● **Given information**
- - -
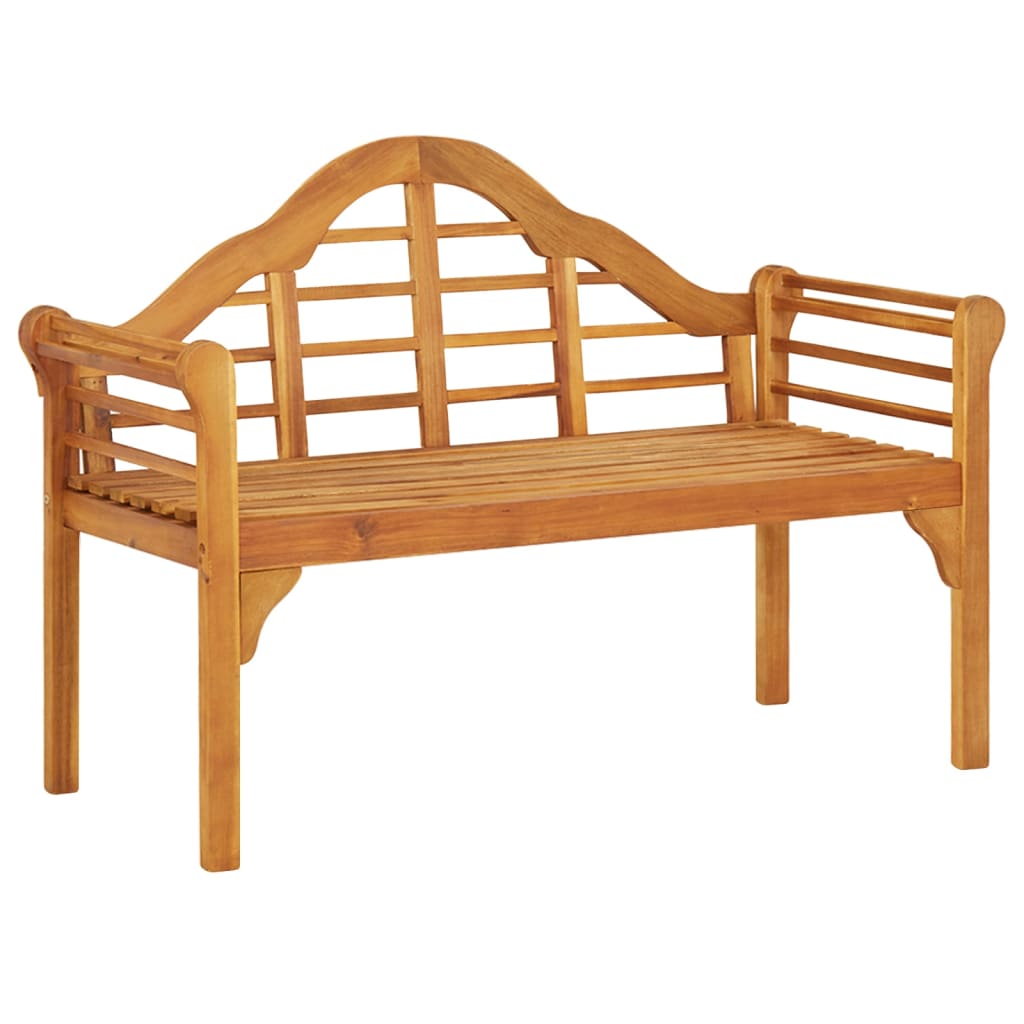 Havebænk 125 cm massivt akacietræ - number 1.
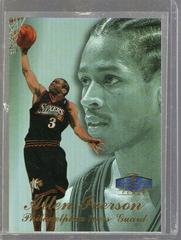 Allen Iverson [Row 3] Basketball Cards 1997 Flair Showcase Prices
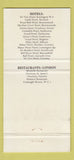 Matchbook Cover - De Vere Coventry Hotels England UK 30 Strike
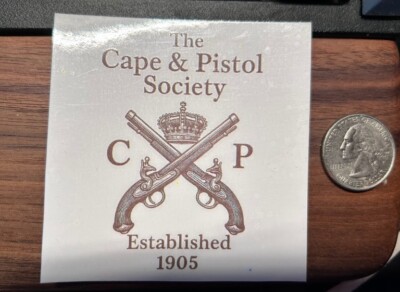 Cape and Pistol Society - Glossy Vinyl Sticker (Gemstones) | eBay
- - -
● **Work to be completed**
The answer must be the full listing, exact in every line, with the pictures removed.

● **Written answer**
 Havebænk 125 cm massivt akacietræ - number 1.
 Allen Iverson [Row 3] Basketball Cards 1997 Flair Showcase Prices
 Matchbook Cover - De Vere Coventry Hotels England UK 30 Strike
 Cape and Pistol Society - Glossy Vinyl Sticker (Gemstones) | eBay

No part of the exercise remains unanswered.